His detachment was also one of the first to serve within the International Security Afghanistan Forces (ISAF) as NATO SOF partners.  Here, learning how to work seamlessly with coalition forces was critical.

“At one point I remember seeing Soldiers from over 10 different countries working together on a compound about half the size of Patch Barracks (in Stuttgart, Germany); hand and arm signals were pretty important,” said Burgess.

Burgess also led his team in support of the United States Secret Service mission to protect the President of the United States in Liberia. This is where his communication skills proved critical again.

When asked about working within an interagency environment in a potentially hostile area, he related, “Our success stemmed from maintaining open lines of communication between our Secret Service counterparts and the SOCEUR command team.  This inevitably afforded us the flexibility to integrate with the Secret Service while ensuring we maintained our standards with regards to force protection and impact within the local populace.”

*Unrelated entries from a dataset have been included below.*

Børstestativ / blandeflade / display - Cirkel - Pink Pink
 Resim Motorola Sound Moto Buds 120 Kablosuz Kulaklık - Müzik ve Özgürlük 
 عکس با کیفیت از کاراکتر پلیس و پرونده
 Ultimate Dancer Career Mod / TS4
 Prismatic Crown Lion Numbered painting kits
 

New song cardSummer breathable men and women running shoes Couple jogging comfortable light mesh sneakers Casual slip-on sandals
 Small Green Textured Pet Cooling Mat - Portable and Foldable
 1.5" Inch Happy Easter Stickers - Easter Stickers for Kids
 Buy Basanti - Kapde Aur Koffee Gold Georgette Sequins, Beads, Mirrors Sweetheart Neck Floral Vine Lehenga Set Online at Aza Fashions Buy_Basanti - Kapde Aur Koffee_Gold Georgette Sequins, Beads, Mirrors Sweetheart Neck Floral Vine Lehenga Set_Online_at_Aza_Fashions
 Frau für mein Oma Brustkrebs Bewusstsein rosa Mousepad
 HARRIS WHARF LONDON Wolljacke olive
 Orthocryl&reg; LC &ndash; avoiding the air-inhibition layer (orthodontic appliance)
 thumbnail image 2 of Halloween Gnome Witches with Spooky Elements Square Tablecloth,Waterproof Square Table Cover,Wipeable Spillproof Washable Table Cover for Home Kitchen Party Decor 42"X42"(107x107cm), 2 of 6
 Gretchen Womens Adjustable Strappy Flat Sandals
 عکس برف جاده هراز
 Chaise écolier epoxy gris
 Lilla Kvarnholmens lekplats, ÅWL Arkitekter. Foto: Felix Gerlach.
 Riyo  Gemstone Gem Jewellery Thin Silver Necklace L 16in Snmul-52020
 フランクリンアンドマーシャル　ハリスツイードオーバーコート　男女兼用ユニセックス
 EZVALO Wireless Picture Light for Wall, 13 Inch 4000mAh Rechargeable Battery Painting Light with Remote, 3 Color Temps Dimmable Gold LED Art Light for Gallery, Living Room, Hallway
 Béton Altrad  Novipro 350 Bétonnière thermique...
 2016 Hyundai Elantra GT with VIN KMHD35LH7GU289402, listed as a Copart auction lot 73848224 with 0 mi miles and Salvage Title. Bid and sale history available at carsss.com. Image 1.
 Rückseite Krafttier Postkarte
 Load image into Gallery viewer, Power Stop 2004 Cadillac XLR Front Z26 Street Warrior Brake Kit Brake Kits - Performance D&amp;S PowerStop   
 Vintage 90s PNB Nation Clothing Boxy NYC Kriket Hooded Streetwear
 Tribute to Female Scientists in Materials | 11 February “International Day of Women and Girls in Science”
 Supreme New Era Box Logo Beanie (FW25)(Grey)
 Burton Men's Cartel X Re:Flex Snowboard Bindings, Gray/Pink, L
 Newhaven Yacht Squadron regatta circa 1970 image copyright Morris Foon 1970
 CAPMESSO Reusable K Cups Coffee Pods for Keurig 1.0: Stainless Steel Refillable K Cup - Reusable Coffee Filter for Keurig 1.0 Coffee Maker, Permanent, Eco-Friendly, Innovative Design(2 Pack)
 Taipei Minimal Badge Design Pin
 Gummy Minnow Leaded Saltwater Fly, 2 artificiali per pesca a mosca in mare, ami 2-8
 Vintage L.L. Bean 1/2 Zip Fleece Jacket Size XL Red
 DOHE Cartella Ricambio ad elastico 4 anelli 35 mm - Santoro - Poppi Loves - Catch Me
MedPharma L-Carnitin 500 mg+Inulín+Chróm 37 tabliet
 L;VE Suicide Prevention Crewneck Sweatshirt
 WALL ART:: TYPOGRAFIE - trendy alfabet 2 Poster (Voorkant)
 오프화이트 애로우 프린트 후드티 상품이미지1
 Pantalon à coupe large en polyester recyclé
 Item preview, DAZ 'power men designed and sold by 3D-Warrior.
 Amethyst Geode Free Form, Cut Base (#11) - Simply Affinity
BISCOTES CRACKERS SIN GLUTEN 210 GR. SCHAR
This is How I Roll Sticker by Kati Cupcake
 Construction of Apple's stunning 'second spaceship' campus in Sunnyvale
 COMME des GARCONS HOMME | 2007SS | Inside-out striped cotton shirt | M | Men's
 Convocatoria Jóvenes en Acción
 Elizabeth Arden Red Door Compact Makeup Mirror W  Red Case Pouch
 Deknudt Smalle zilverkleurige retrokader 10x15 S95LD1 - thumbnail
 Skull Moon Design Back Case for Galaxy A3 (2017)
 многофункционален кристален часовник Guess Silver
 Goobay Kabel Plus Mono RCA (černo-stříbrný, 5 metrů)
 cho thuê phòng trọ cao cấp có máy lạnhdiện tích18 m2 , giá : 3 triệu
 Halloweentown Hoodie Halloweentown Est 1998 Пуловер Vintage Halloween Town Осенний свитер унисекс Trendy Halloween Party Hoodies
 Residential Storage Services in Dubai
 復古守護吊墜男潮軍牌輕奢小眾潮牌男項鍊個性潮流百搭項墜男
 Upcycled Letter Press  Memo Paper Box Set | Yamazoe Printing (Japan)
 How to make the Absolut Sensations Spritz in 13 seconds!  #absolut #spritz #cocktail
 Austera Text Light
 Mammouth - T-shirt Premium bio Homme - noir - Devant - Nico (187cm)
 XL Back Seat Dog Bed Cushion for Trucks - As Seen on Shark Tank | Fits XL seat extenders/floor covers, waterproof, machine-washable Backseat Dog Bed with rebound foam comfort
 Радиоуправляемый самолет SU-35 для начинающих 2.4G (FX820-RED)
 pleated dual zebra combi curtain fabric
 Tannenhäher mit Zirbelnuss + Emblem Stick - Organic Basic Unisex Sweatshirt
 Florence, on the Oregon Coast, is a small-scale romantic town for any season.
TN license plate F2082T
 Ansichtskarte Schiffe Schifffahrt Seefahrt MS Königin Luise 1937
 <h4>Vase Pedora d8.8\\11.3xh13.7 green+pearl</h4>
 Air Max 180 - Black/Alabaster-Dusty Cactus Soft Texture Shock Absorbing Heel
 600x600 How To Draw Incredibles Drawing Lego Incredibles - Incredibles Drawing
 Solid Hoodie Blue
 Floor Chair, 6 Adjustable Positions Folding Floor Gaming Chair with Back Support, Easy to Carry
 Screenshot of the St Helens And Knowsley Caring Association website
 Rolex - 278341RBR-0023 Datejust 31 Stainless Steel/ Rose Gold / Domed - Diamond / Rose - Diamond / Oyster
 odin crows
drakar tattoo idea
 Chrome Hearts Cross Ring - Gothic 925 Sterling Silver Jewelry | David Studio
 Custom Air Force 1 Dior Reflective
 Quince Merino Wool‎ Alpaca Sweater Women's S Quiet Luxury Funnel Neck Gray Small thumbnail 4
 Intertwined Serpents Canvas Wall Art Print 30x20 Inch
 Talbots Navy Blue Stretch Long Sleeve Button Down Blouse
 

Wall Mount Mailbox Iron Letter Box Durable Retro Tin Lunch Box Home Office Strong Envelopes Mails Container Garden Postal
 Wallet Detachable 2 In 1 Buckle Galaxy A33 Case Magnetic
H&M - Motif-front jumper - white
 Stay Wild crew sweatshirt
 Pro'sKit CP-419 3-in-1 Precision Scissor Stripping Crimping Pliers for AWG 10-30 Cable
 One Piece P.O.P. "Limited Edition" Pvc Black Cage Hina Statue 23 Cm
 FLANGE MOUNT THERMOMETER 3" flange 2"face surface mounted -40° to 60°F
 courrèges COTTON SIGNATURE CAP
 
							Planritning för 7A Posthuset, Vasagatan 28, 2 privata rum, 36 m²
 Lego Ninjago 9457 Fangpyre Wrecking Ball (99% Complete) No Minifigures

Always humble, Burgess said that even though he received the award, “there is a longer list of NCOs and Officers associated with this award.  I'm extremely grateful for working with the most professional and dedicated individuals in our military.”

Gen MacArthur said later in his 1962 speech to the cadets about the words Duty, Honor, Country, “They build your basic character.  They mold you for your future roles as the custodians of the nation's defense.” By living those words, Capt. Burgess is preparing to possibly be speaking them himself to a corps of cadets as a senior Army leader one day.
The Calendar Year 2008 MacArthur Leadership Award ceremony will be held in Washington, D.C. on May 7-8, 2009.






Capt. Andrew Burgess


----------



## DA SWO (Mar 24, 2009)

Good on him.


----------



## Gypsy (Mar 24, 2009)

Well done, CPT Burgess!


----------



## car (Mar 24, 2009)

Outstanding! The boss and I put our HHC commander in for this, but against competition like CPT Burgess, she didn't stand a chance.


----------



## AWP (Mar 24, 2009)

I knew a MacArthur awardee from the Guard side; he was an abject tool. 10%....

Congrats to the CPT! Considering AD 18A's don't spend a great deal of time on a team he's had quite the career.


----------